Slain police officer Deriek Crouse, 39, a four-year veteran of Virginia Tech’s security force, was shot and killed during a noon-hour “routine traffic stop” in a parking lot near a sports facility.
“Once again, the campus and the community that we love so well have been visited by senseless violence and tragic loss,” university president Charles Steger said in a statement.
“Tragedy again struck Virginia Tech in a wanton act of violence where our police officer, Deriek Crouse, was murdered during a routine traffic stop,” he said.
The school had earlier cited witnesses as saying that the shooter fled on foot heading toward the Cage, a parking lot near Duck Pond Drive.
“At that parking lot, a second person was found. That person is also deceased,” the university said in a statement.

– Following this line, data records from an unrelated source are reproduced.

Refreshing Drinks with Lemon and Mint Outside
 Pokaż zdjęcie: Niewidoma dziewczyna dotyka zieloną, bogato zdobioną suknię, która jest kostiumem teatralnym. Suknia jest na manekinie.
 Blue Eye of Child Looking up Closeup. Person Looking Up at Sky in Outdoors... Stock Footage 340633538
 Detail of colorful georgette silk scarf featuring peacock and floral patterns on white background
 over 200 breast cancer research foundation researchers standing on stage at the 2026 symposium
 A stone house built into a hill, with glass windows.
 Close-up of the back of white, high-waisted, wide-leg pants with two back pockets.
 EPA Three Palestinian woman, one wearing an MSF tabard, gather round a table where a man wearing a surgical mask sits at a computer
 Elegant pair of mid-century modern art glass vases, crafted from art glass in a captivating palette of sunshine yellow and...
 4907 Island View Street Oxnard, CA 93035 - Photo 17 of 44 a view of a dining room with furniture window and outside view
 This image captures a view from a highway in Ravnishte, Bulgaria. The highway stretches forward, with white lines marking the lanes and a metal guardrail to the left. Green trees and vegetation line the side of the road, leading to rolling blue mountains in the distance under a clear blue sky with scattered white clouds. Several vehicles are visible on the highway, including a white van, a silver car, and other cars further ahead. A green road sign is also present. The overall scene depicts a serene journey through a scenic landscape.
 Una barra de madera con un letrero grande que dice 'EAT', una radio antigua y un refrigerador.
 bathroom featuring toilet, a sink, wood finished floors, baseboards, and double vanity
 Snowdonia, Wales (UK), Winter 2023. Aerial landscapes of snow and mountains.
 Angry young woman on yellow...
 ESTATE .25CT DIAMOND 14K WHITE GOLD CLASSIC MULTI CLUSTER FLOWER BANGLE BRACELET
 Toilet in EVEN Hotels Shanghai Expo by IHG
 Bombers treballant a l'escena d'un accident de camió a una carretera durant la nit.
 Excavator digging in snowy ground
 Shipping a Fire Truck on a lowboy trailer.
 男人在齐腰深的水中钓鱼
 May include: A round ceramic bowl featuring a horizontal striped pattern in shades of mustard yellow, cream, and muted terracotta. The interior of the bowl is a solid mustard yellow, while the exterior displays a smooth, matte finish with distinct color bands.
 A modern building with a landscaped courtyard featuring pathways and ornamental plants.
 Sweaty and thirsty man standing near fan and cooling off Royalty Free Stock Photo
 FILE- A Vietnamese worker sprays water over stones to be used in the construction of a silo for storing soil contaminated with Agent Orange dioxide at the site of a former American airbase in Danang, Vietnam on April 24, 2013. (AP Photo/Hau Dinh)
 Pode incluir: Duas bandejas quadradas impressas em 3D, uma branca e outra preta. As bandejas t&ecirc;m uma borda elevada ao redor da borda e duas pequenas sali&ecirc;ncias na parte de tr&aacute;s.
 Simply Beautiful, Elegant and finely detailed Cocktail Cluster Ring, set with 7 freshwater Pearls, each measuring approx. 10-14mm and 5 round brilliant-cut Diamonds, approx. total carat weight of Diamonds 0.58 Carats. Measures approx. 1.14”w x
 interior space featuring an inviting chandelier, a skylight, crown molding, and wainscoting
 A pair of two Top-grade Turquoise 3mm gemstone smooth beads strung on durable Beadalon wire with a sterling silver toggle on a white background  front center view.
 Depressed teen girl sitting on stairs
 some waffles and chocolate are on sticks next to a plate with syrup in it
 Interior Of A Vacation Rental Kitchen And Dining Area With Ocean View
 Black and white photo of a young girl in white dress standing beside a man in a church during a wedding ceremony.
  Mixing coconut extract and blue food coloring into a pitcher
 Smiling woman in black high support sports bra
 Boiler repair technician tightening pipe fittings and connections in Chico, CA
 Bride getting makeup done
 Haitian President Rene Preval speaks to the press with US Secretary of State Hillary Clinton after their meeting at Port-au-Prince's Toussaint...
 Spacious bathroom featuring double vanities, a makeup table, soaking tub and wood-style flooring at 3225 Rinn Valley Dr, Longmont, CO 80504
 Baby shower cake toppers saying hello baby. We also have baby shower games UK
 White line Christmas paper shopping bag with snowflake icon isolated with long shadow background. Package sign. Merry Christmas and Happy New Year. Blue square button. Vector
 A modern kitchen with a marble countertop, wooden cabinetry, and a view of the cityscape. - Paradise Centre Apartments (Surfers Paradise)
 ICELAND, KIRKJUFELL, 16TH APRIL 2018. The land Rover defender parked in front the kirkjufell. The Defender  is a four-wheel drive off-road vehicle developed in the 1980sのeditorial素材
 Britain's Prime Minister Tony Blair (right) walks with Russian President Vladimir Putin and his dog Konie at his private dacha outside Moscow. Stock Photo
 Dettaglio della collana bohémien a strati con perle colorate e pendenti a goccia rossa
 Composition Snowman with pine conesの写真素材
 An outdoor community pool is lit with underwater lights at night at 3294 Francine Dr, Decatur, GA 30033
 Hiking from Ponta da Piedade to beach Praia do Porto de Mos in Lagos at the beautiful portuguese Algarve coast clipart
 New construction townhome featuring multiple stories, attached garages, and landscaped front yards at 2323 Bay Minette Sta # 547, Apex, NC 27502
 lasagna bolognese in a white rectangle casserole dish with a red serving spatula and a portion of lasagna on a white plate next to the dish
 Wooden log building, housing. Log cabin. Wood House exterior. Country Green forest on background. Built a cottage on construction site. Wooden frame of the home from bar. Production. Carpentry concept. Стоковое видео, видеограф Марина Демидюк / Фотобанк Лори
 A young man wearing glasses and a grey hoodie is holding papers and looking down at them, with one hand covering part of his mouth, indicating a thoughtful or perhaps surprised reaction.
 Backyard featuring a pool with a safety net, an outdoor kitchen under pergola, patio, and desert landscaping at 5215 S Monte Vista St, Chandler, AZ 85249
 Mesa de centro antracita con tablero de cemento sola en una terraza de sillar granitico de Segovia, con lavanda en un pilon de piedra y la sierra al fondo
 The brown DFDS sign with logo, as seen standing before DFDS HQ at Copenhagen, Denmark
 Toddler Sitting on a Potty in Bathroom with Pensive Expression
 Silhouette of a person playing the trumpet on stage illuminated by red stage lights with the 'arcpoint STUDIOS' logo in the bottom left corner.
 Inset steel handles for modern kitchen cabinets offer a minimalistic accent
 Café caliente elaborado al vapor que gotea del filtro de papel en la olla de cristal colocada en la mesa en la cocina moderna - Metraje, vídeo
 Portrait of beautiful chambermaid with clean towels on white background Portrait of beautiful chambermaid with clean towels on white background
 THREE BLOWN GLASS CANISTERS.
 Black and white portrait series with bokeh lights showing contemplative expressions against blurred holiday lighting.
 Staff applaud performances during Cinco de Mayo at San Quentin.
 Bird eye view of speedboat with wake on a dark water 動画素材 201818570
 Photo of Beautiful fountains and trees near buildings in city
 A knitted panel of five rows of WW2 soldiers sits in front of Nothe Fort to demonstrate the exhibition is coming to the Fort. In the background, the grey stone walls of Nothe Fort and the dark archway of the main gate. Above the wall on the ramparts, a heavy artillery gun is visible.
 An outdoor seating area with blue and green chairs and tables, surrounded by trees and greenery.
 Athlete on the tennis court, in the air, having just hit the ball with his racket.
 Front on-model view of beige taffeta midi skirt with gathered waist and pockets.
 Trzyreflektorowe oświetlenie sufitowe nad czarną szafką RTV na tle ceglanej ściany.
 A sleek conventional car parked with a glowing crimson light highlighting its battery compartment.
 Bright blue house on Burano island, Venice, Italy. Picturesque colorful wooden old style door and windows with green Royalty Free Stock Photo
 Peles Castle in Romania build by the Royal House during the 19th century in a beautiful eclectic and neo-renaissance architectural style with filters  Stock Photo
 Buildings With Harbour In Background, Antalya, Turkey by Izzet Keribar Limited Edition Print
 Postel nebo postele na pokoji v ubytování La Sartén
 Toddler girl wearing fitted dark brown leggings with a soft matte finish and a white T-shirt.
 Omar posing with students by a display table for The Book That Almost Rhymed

Carpentieri said a weapon was found close to the second victim, whom he described as a white male. He also said the gunman was not the motorist Crouse had pulled over.
Virginia Tech was the scene of the deadliest shooting incident by a single gunman in US history in April 2007, when an English major, Cho Seung-hui, 23, killed 32 people before taking his own life. Twenty-five others were wounded.
The university — criticized for what was seen as a slow response to the 2007 bloodbath — put lessons learned into practice, issuing lockdown alerts by e-mail, Web and text message shortly after gun shots were reported.
Ironically, Virginia Tech officials — including the campus police chief — were in Washington on Thursday to appeal a US$55,000 fine for failing to promptly issue an e-mail alert after Cho shot his first two victims in a dormitory.
Thursday was a study day on the eve of final exams for the fall term, which have been pushed back a day until today. Faculty have been asked to “make accommodations where appropriate.”
One unidentified student, fighting back tears, told local WDBJ television she witnessed the fatally wounded police officer fall out of his unmarked vehicle when colleagues opened its door.
“He just fell out towards the ground, and then they immediately started reviving him, and then two cops took off with some sort of automatic weapons, I guess, running in the opposite direction after the gunman,” she said.
“I guess the officer didn’t make it because they just covered him with a sheet,” she said.
The gunman was described as a white male in a maroon hooded sweatshirt and gray sweatpants. Maroon is the school’s official color.
Police with handguns drawn and assault rifles at the ready swarmed across the campus as students and staff took refuge for four hours in their dormitories, offices and a leisure center.
Virginia Tech employee Brian Walls told CNN he initially heard 10 to 15 different sirens wail and then went outdoors, where he found a large group of police officers.